Et voilà tout l’imaginaire du vinaigre soudainement projeté dans une nouvelle dimension. Le filon vinaigré a de l’avenir car le condiment ne manque pas de vertus. Pour la cuisine, pour relever un plat, certes, mais aussi pour la santé, grâce à ses propriétés probiotiques (entre autres) et même, désormais, pour agir en faveur de l’environnement puisque le vinaigre permet de limiter le gaspillage en exploitant jusqu’au bout les fruits, légumes et aromates dont les surplus peuvent ainsi finir dans des vinaigriers.

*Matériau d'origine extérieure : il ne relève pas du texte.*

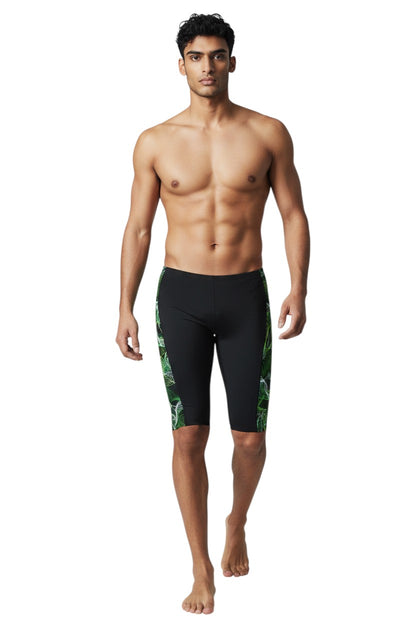The Lifeguard Store RISE Sandies Helix Poly Jammer swimsuit in black with green helix design on the side. Made of 91% Polyester/9% Spandex.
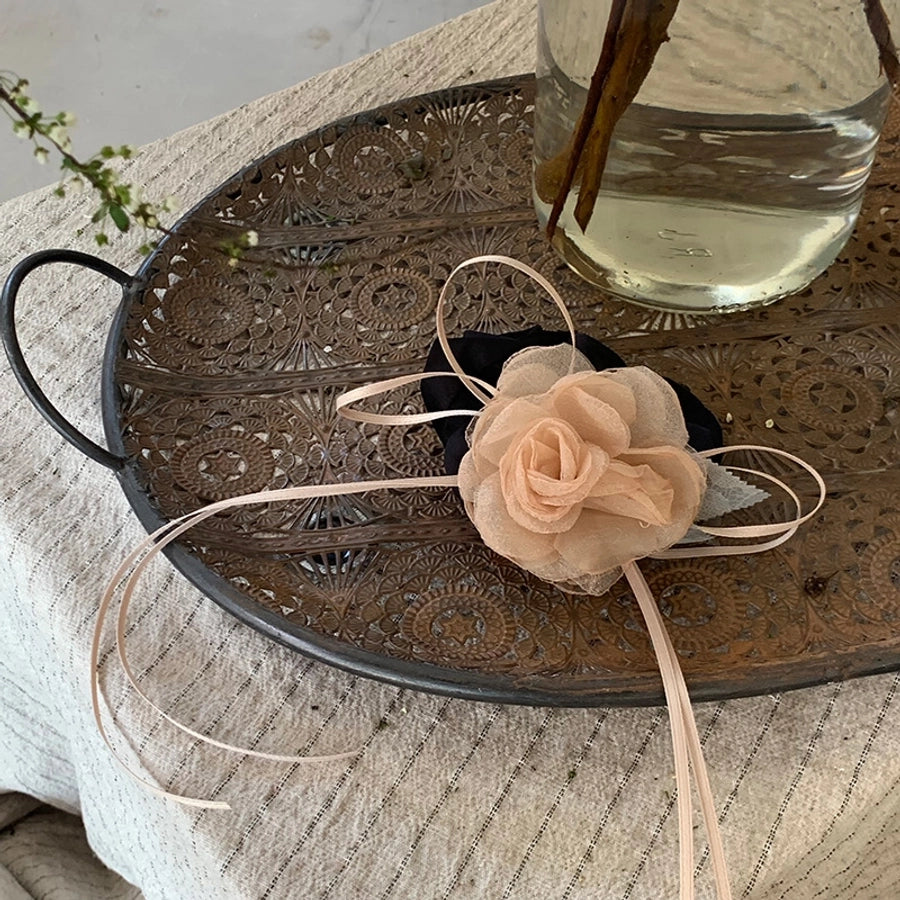 Women's Sweet Floral Gauze Hair Tie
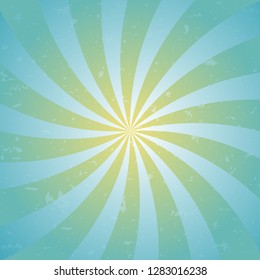 Sunlightspiral grunge background. powder blue and yellow retro background. Vector horizontal illustration. Sun beam ray background. Old speckled paper with particles of debris. vintage circus poster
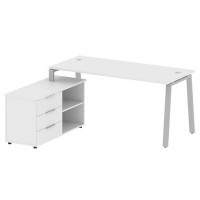 Metal System Style БА.РС-СТС-2.4 Л (Белый/серый) Рабочая станция на А-образном м/к с опорной тумбой левая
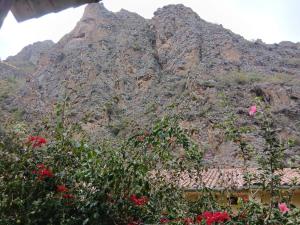 a mountain with red flowers in front of a building at Pinkuylluna Lodge in Ollantaytambo +3 photos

Depuis une dizaine d’années, on ne cesse de nous vanter les mérites (écologiques et économiques) du vinaigre blanc pour l’entretien de la maison. Ce n’était que le premier chapitre.

Réduction

Il y a peu, la rubrique « confidentiel » d’un hebdo nous apprenait que le grand magasin du Printemps avait l’intention d’ouvrir des petits magasins en centre-ville. Au Royaume-Uni, l’enseigne de bricolage B&Q envisage le même mode de développement alors qu’elle était historiquement implantée dans des zones commerciales périurbaines. L’entreprise pourrait ouvrir jusqu’à 50 magasins en centre-ville, d’une superficie allant de 300 à 800 mètres carrés (contre 12 000 pour ses surfaces habituelles).

A Paris, nous sommes déjà habitués à croiser des Carrefour, des Intermarché et des Auchan en version réduite, des drive piétons Leclerc ou encore des Ikea en petit format, à la Madeleine (qui va déménager place d’Italie) et rue de Rivoli. Le mois dernier, l’enseigne suédoise ouvrait son premier Atelier de conception, avenue Daumesnil, un espace de 750 mètres carrés seulement où il est possible, sur rendez-vous (et moyennant une participation financière), de bénéficier de conseils pour ses projets d’aménagement de cuisine ou la conception de ses rangements. Si tu ne vas pas à la grande distribution, la grande distribution viendra à toi.

Les avantages d’une telle stratégie se laissent aisément deviner. Se rapprocher de ses clients qui n’ont plus ni l’envie, ni le temps de partir en « expédition » faire leurs courses, est assurément la motivation qui déclenche de pareils investissements. Le vieillissement de la population n’est pas non plus étranger à la décision. Pour cette population, riche en temps libre, en argent ou en désir de faire par elle-même, se rendre dans une réduction de grande enseigne est rassurant à plus d’un titre il est plus facile de s’y repérer, on peut y bénéficier de conseils sur rendez-vous tout en bénéficiant des mêmes promotions attractives qu’ailleurs.

Pour l’enseigne qui entame sa transition vers des petits formats, le voyage vaut aussi le coup puisqu’elle peut ainsi toucher de nouvelles populationsapparaître être plus à l’écoute et même plus responsable puisqu’elle limite ses productions de CO2. Toutes les occasions sont bonnes pour venir rappeler ses engagements… Ces mini-points de vente constituent enfin le meilleur allié du développement du click & collect, un service stratégique pour nombre d’enseignes.

Il fut un temps où la puissance d’une enseigne se mesurait à la taille de ses magasins.